When you have the law on your side, hammer away at the law,' the veteran attorney told his junior, 'When you have the facts on your side, hammer away at the facts.'
'Yes, but what does one do if one has neither the facts nor the law to support one's case?'
'Hammer away at the table!'
When Jayendra Saraswati was arrested on the morning of November 12 I thought the Tamil Nadu police must have gathered enough evidence to make a prima facie case, perhaps not enough to get him convicted but sufficient to say that he should be taken into custody.

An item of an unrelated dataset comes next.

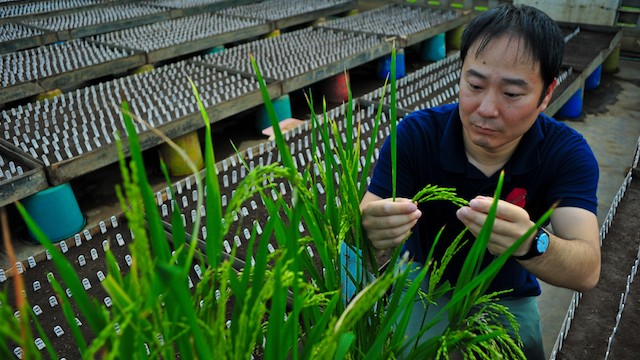 NEW VARIETY. Dr. Tsutomu Ishimaru of the International Rice Research Institute (IRRI) is introducing the SPIKE gene into new rice varieties to boost yield. Image courtesy of IRRI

The first doubts began to emerge when the police began to make its case, and the unspoken thought turned into actual suspicion when K T S Tulsi began trying to revive the ghost of supposed Brahminical prejudice. When a lawyer of his experience speaks of casteism rather than cite hard evidence you know he is hammering on the table.
The Supreme Court put the stamp of its disapproval on the arrest when it chose to grant bail to Jayendra Saraswati. Murder, the deliberate decision to take the life of another human being, is one of the gravest charges in the book, and it should not be granted under normal circumstances to the prime accused in a case. In throwing out all the arguments put forward by Tamil Nadu, the Supreme Court has, in effect, raised a doubt over the validity of the case from beginning to end. Using some of the strongest language I have ever heard from the apex court, their Lordships stated in plain words that there isn't even a prima facie case against Jayendra Saraswati.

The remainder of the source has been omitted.